Téa is the executive director of the Human Dignity Trust, a London-based organisation that uses the law to defend the human rights of LGBT people globally. Since 2012, Téa has been involved in supporting court cases in all regions of the world that seek to decriminalise LGBT people and challenge other discriminatory actions against them, including several landmark cases that are pushing the boundaries of international and constitutional law. She has also overseen ground-breaking global research on the extent to which discriminatory, colonial-era sexual offences laws still exist around much of the world, fomenting stigma, discrimination and violence against multiple groups in society including LGBT people, women, children and persons with disabilities. Téa is a member of the Law Society of British Columbia, Canada (non-practising) and her expertise is in international human rights law and comparative constitutional law, with a particular focus on matters relating to women’s human rights and LGBT human rights. In addition to several years in private legal practice in Canada, she has also previously held inter-governmental appointments as Gender Equality Advisor to the Secretariat of the Pacific Community and Human Rights Advisor to the Commonwealth Secretariat.
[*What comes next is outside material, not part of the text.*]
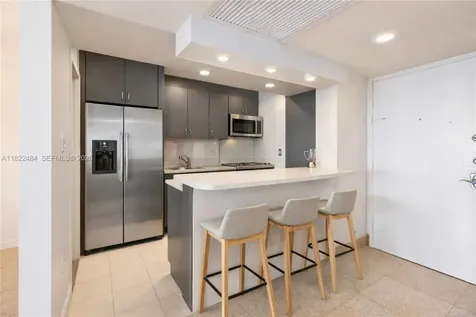 100 Lincoln Road Miami Beach FL 33139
She has advised multiple governments, civil society organisations and litigants across Africa, Asia, the Pacific and the Caribbean.

A photo of Edwin Cameron.

Edwin Cameron will be the respondent. Edwin retired from judicial service in August 2019, after 25 years as a judge, the last eleven in the Constitutional Court. He was educated at Pretoria Boys' High School, Stellenbosch and as a Rhodes Scholar at Oxford. During apartheid, he was a human rights lawyer. He has fought for LGBTI equality and was a fierce critic of President Mbeki's AIDS denialist policies. He has written two memoirs, Witness to AIDS (2005) and Justice: A Personal Account (2014). After retiring, he was elected Chancellor of Stellenbosch University (September 2019) and appointed Judicial Inspector of Correctional Services (January 2020).